L' OPPORTUNITA' è grande almeno quanto il rischio! La a - spazialità delle funzioni, lo scioglimento del vincolo forma - funzione, a scala urbana e del singolo edificio, sono dei potenti strumenti sia per attuare politiche di riqualificazione di aree degradate e dismesse, che per favorire una riappropriazione della città da parte dei suoi abitanti.  Con le possibilità dell'epoca dell'informazione, potremmo rafforzare i caratteri di identità dei luoghi, rivitalizzare quei processi di identificazione e di autorappresentazione caratteristici del villaggio. Tra le pieghe della città industriale e moderna, potremmo tentare di ricomporre tanti nuovi "villaggi contemporanei". Riusciremo ad arrivare al paradosso di impiegare le conoscenze più avanzate per ottenere un risultato antico come quello di farsi di nuovo un proprio villaggio?
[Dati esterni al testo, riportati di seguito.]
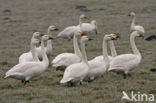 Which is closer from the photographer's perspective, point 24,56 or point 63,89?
point 63,89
L'architettura e l'urbanistica non potranno restare indifferenti: bisogna cominciare a RICARICARE di simboli efficienti le città se vogliamo poter tornare ad identificarci nelle sue forme, a farne un elemento essenziale nella costruzione delle personalità individuali e del nostro appartenere ad un gruppo.

In un certo senso direi che le città dovrebbero tornare a farsi "villaggio", utilizzando le conoscenze più avanzate non per creare altri NON LUOGHI, ma per ricostruire dei NUOVI LUOGHI (con una identità, relazionali, con una storia), cioè dei VILLAGGI CONTEMPORANEI.